Biz de meze de olsun, kebap olsun, hepsinin hakkını verdik. Önce soframıza gelen mezelerle açılışı yaptık.

Sonrasında çok lezzetli fındık lahmacunlar geldi nasıl iki lokmada yuttuk bilemedik:)

Peşi sıra tam kıvamında Adana kebabımız geldi. Bence kıvamını ve tadını çok iyi tutturmuşlar. Adana kebabımızı getirdiklerinde yanında közlenmiş sarımsaklar geliyor, usta gelip tek tek sarımsakları kendi ayırıyor.

Adana'dan sonra çöp şiş geldi. Bildiğin et seremonisi:)
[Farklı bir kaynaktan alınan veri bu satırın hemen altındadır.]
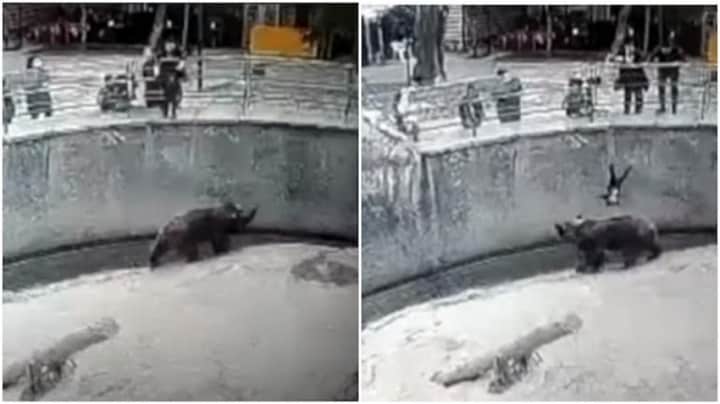 Caught on camera: Mother drops 3-year-old daughter into bear enclosure in Uzbekistan zoo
Sonrasında kaburga geldi, bence pişme derecesi çok iyiydi, bazı kebapçılar kaburgayı kurutabiliyor o zaman kaburgadan nefret edebiliyorsun. Buradaki kaburgalar bence tam kıvamında pişmiş ve iyi bir şekilde terbiye edilmiş.
Ve peşi sıra ette kapanış olarak altın vuruş olan ciğer geliyor. Ciğerle birlikte usta da geliyor. Bu öyle yenmez böyle yenir diyor ve lavaşa tek tek ciğerleri geçiriyor ve üzerine baharatından döküyor, bildiğin adam elleriyle bizi besliyor:)

Burasının şalgam suyu meşhur diye duymuştum, o yüzden içecek olarak da şalgam istedim. Şalgam bugüne kadar görmediğim bir şekilde iki ayrı şişede geldi. Birinde şalgam suyu var, diğerinde acı sos. İstediğiniz gibi koyabiliyorsunuz. Ben acıyı biraz fazla koymuşum içemedim.
Ve kapanışta tatlı olarak irmik helvası geldi, helva bende çok iz bırakmadı. Ortalama diyebilirim.
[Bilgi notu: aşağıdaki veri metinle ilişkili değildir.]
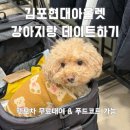 현대애견 | 김포현대아울렛 애견동반 후기 | 김현아 강아지랑 쇼핑한 후기 &amp; 푸드코트 가능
Biz iki kişi olarak yanlış hatırlamıyorsam 80 TL civarı hesap ödedik. Dayının Yeri bence güzel kebaba doymak için keşfedilecekler listesine eklenmesi gereken bir yer.Gece gece bu postu okuyorsanız, buzdolabının önünde kendinizi bulabilirsiniz:)

 Adres: Çetin Emeç Bulvarı 8. Cadde 76. Sokak No: 3/A

2 Ağustos 2013 Cuma

Küçük mutluluklar

Bazen güzel bir şarkı mutlu eder insanı, bazen güzel bir yemek bazen de dışarıya çıktığınızda içinize daha çok çekmek isteyeceğiniz ağaçların çiçeklerin kokuları...Fark ettiğiniz anda yaşadığınız o hissi seversiniz ve yüzünüzde bir gülümseme oluşur.
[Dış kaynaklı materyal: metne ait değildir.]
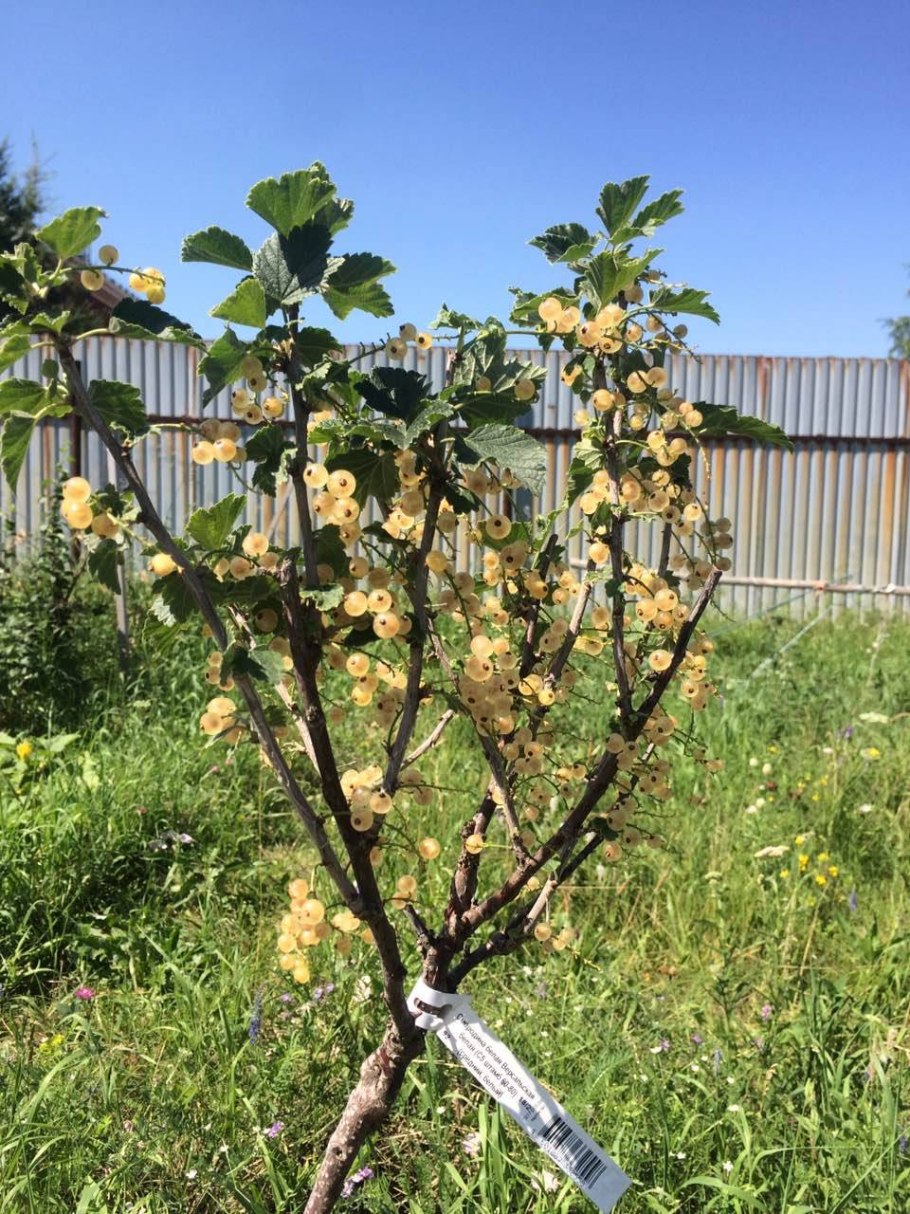 Штамбовая красная смородина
Ben böyle şeylerden mutlu olurken, iki gündür çok komik bir sebepten mutluyum:) Cep telefonumun üzerini kaplattığım film tabakası çantamın içinde ıvır zıvır bir sürü şeye çarpa çarpa sağlam çizilmişti. Ben de değiştirmek için çok üşeniyordum, geçen gün film tabakası hafiften sıyrılmaya başlayınca tamam dedim artık değiştirmeliyim. Film tabakasını değiştirdiğim günden beri benim de modum değişti. Sanki önceden gözümde astigmat vs sebeple dünyayı bulanık görüyorken, şimdi lazerle gözünü çizdirip de dünyayı yeniden keşfediyor gibiyim:) Yok böyle mutluluk:) Allahım saf mıyım ya bir telefon filmine bu kadar mutlu oluyorum???